Nesta circunstância, existindo a necessidade
de entender melhor as dinâmicas dos processos
erosivos, principalmente na extensão das
margens dos reservatórios de usinas
hidrelétricas, a empresa Eletrobrás Furnas, sob
coordenação da Escola de Engenharia Civil e
Ambiental (EECA) da Universidade Federal de
Goiás (UFG) e apoio da Fundação de Amparo
à Pesquisa (FUNAPE), desenvolveram um
projeto de pesquisa e desenvolvimento (P&D)

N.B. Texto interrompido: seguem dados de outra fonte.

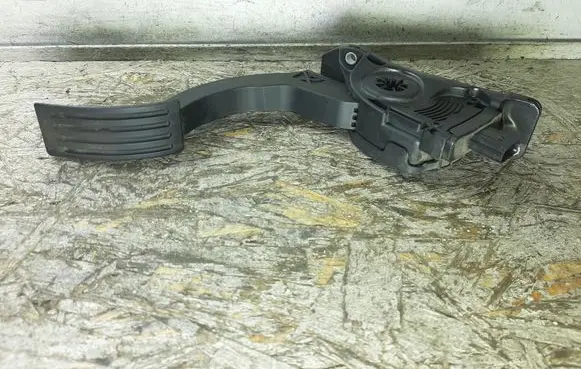 Ford Focus Accelerator throttle pedal BV619F836AB BEV241600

intitulado Monitoramento e Estudo de Técnicas
Alternativas na Estabilização de Processos
Erosivos em Reservatórios de UHEs (Sales,
2012).
Esse projeto teve o intuito de estudar e propor
técnicas alternativas para mitigação dos
processos causadores de erosões em margens de
reservatórios. Dentro destas propostas consta a
estabilização química de solos, que pode se
tornar uma alternativa necessária quando as
características geotécnicas naturais do solo
envolvido não são adequadas para resistir aos
processos erosivos impostos pela ação das ondas
e variação do nível de operação dos
reservatórios.
Esse processo pode ser realizado com a adição
ou remoção de componentes que interagem com
o solo e melhoram suas propriedades. Segundo
Krishnan et al. (2014), estabilizações utilizando
técnicas químicas são melhores que as
estabilizações que fazem uso de técnicas físicas,
pois aquelas conferem ao solo maior resistência
e durabilidade.
Existem vários estudos na literatura
clássica que trabalham com melhorias das
propriedades hidráulicas dos solos por meio
da adição de algum estabilizante químico.
Dentre esses estudos, podem ser citados os
trabalhos de Bell (1996), Zhang & Cao (2002);
Angelim (2005); Ahmed et al. (2011); Dash &
Hussain (2012); Paiva et al. (2016) e James &
Pandian (2016).
Quando a cal hidratada é adicionada a um
solo argiloso, ocorrem reações que podem ser
classificadas de curto e longo prazo. De acordo
com Bell (1996), as primeiras incluem trocas
de íons, floculação e carbonatação, que
proporcionam uma melhora na plasticidade e
um pequeno aumento da resistência (não
curada). As segundas são as reações
pozolânicas que acontecem ao longo do tempo
e são responsáveis pela formação de novos
minerais que interferem na resistência e
durabilidade do solo. Segundo Rezende (2003),
a floculação (agregação) ocorre se o valor do
pH da mistura for superior ao ponto de carga
zero do solo (PCZ). Caso contrário, ocorrerá
dispersão (ou desagregação).
Se houver floculação, o tratamento com cal
reduz o peso específico seco e aumenta a
umidade ótima do solo, ocorrendo o contrário, há
dispersão. Além disso, ocorre redução na
plasticidade, caso o solo possua em sua
composição o argilomineral montmorilonita, e
aumento, se for a caolinita. (Bell, 1996;
Harichane et al., 2011; James & Pandian, 2016;
Dash e Hussain 2012; Angelim, 2005).
Vários pesquisadores observaram que a
adição de cal a um solo que possui argila em sua
composição proporcionou ganhos de resistência
a compressão simples e aumento do módulo de
elasticidade, quando submetidos a um tempo de
cura suficiente (Bell, 1996; Angelim, 2005;
Harichane et al., 2011; James & Pandian, 2016;
Dash & Hussain, 2012)
No caso de solos expansivos foi constatada
uma redução da expansão livre e da tensão de
expansão devido ao fato de que a cal reduz a
absorção de água das argilas saturadas com
cálcio (Zhang & Cao, 2002; Dash & Hussain,
2012; James & Pandian, 2016, Paiva et al.,
2016).
Em relação à erodibilidade, Herrier et al.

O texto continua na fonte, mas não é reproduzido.